Of the material below, the lines to be retyped are those from the line containing "FGJQEFG 2.5 Inch" through the line containing "ALLNeon Punk Tie", inclusive; reproduce them exactly.

▶ [Data shown]:
+++
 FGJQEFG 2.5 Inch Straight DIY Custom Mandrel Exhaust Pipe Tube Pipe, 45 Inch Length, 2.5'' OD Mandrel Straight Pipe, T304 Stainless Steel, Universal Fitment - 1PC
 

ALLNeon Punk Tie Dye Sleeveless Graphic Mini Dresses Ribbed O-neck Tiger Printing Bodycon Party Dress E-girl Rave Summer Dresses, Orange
+++
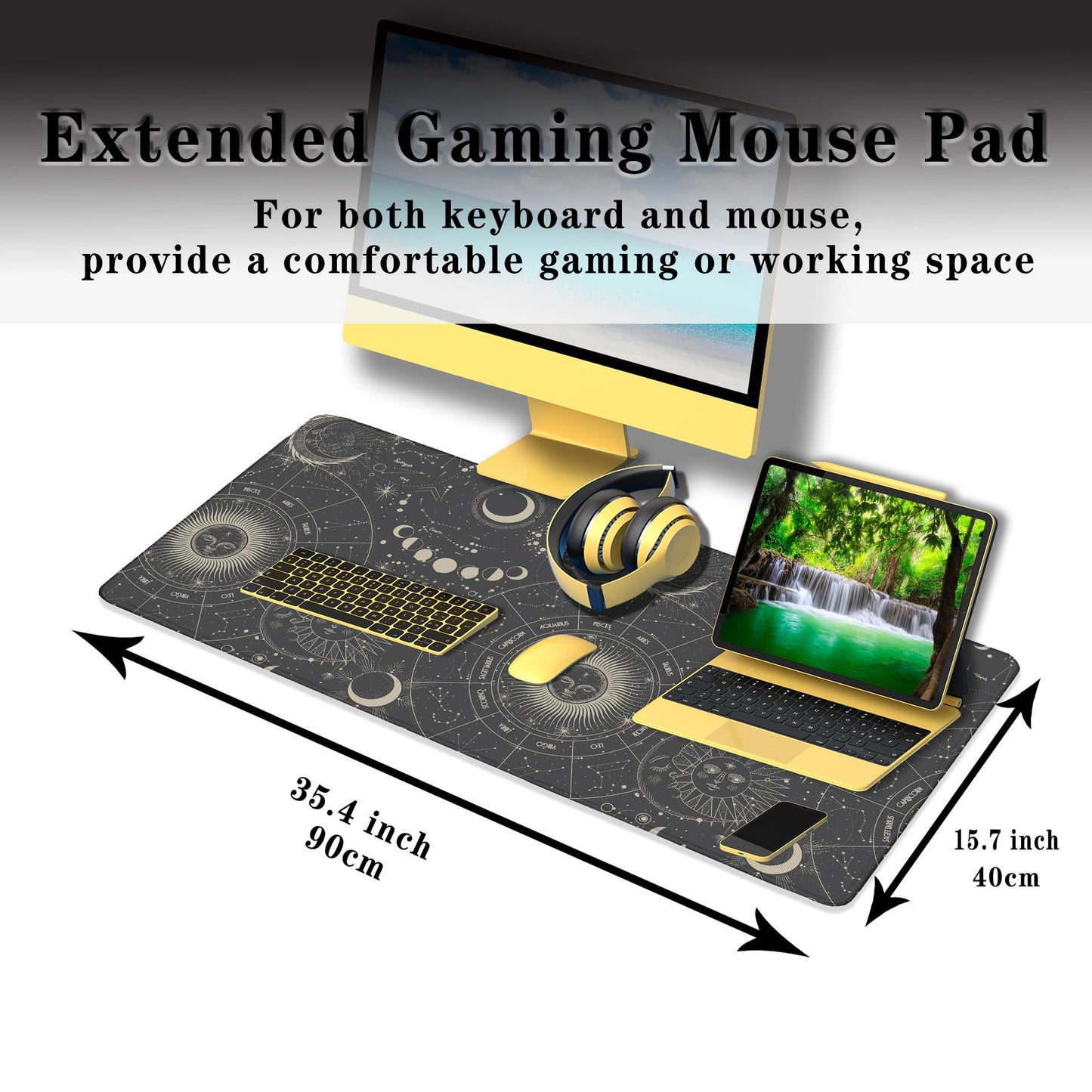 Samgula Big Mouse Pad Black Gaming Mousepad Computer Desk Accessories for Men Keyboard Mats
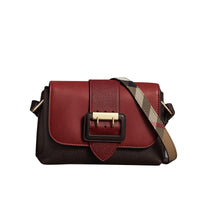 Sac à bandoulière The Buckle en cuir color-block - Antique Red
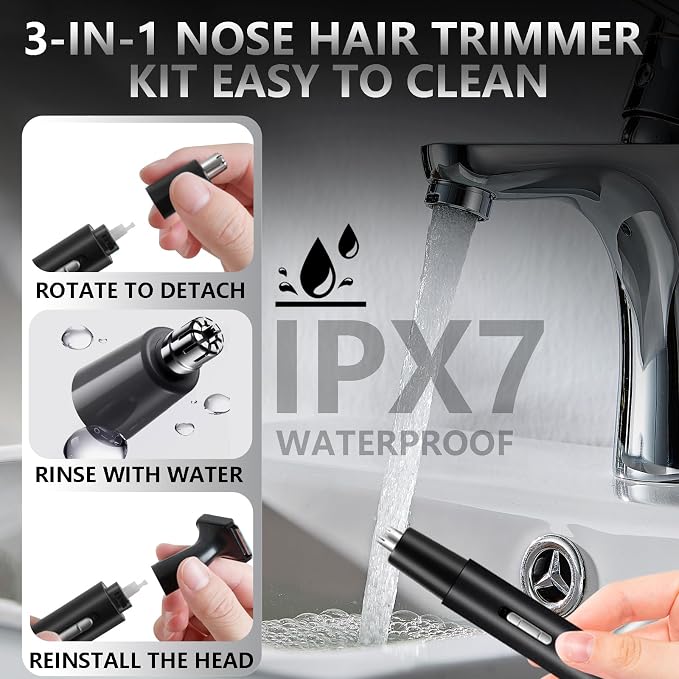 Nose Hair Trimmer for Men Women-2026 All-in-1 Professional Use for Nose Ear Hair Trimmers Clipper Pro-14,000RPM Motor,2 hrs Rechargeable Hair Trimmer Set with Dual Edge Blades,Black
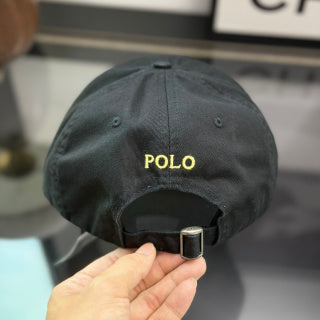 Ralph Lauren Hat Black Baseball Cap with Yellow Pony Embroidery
+++
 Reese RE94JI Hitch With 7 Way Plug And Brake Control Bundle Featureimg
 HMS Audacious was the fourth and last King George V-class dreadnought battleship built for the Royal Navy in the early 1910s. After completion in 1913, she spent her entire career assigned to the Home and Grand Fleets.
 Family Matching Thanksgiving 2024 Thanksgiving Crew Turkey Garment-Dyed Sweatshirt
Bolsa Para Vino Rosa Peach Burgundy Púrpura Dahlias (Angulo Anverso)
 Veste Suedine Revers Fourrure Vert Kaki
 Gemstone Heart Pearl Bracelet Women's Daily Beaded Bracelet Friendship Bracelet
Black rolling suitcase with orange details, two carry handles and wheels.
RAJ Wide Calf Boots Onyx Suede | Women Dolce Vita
+++
▶ [Answer to the problem]:
 FGJQEFG 2.5 Inch Straight DIY Custom Mandrel Exhaust Pipe Tube Pipe, 45 Inch Length, 2.5'' OD Mandrel Straight Pipe, T304 Stainless Steel, Universal Fitment - 1PC
 

ALLNeon Punk Tie Dye Sleeveless Graphic Mini Dresses Ribbed O-neck Tiger Printing Bodycon Party Dress E-girl Rave Summer Dresses, Orange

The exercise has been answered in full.